Разберемся: «поздний Прокофьев» — это применительно к «Симфонии-концерту для виолончели с оркестром», ставшей последним сочинением композитора. Если бы молодой Ростропович своей «харизмой» не вдохновил тяжелобольного творца и не помог бы ему уникальным знанием виолончели, этого сложнейшего и элегантнейшего в мире сочинения не существовало бы. Но про что это мы?! Нет у нас Ростроповича, нет и харизмы...
«Недозрелый Скрябин» — это. Вторая симфония, написанная композитором в 30 лет, а умер он в 43. Исполнение симфонии знаменовало собой смену эпох, сопоставимую со скандальной премьерой «Весны священной» Стравинского в Париже. Если бы Скрябин не дерзнул Второй симфонией нанести серьезный удар по канонам постепенно укоренявшегося академизма «а ля рюс», апологеты его «съели» бы Скрябина и позднее Прокофьева со Стравинским. Лядов, Аренский, Римский-Корсаков (Глазунов на концерт вовсе не пошел) бурно отреагировали на «диссонансы» симфонии, после которых сам Вагнер показался им «грудным младенцем со сладким лепетом».

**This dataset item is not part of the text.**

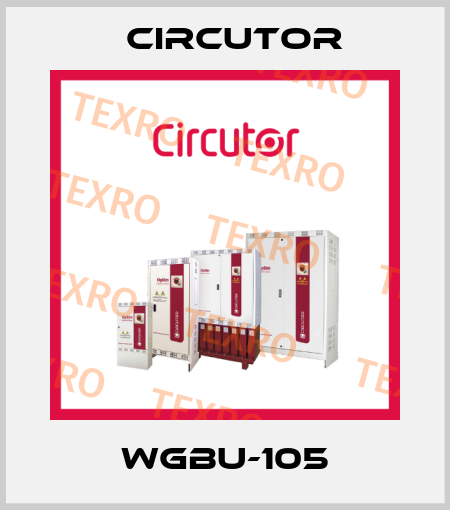 WGBU-105 Circutor
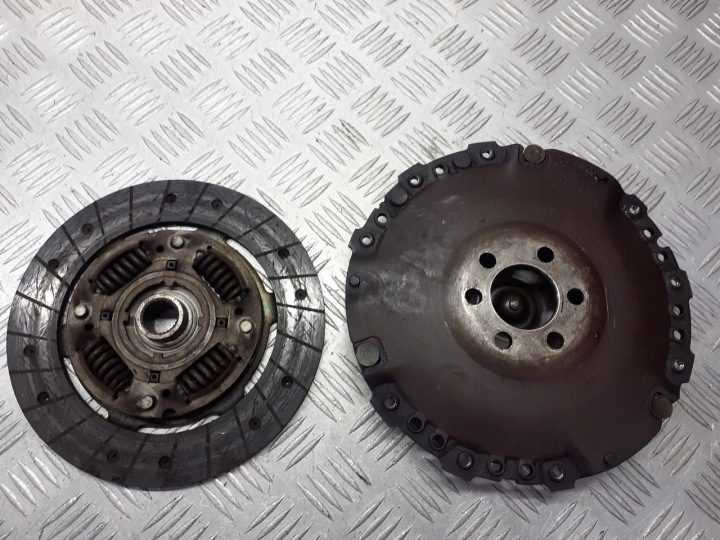 КОРЗИНА СЦЕПЛЕНИЯ С ДИСКОМ VW GOLF IV 1.6, фото 4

Так что эпитет «недозрелый» неожиданно напоминает героя Куравлева, банщика по профессии, из некогда популярной кинокомедии, который почему-то предпочитал «раннего Моцарта», не ведая, что несчастный гений до «позднего» просто не успел дожить...
Теперь об исполнителях. Критик, назвав редчайшего виртуоза Рудина, к тому же великолепного дирижера, просто «трудолюбивым», верно, намекает на качество, которым Ленин определил усидчивость Молотова... Или забыто, что Александр Рудин уже в 16 лет с легкостью получил серебряную медаль на конкурсе имени Чайковского. Попенять Рудину можно на нелюбовь к трагическому. Но его апполинический дар, светлый и легкий, так нужен слушателям!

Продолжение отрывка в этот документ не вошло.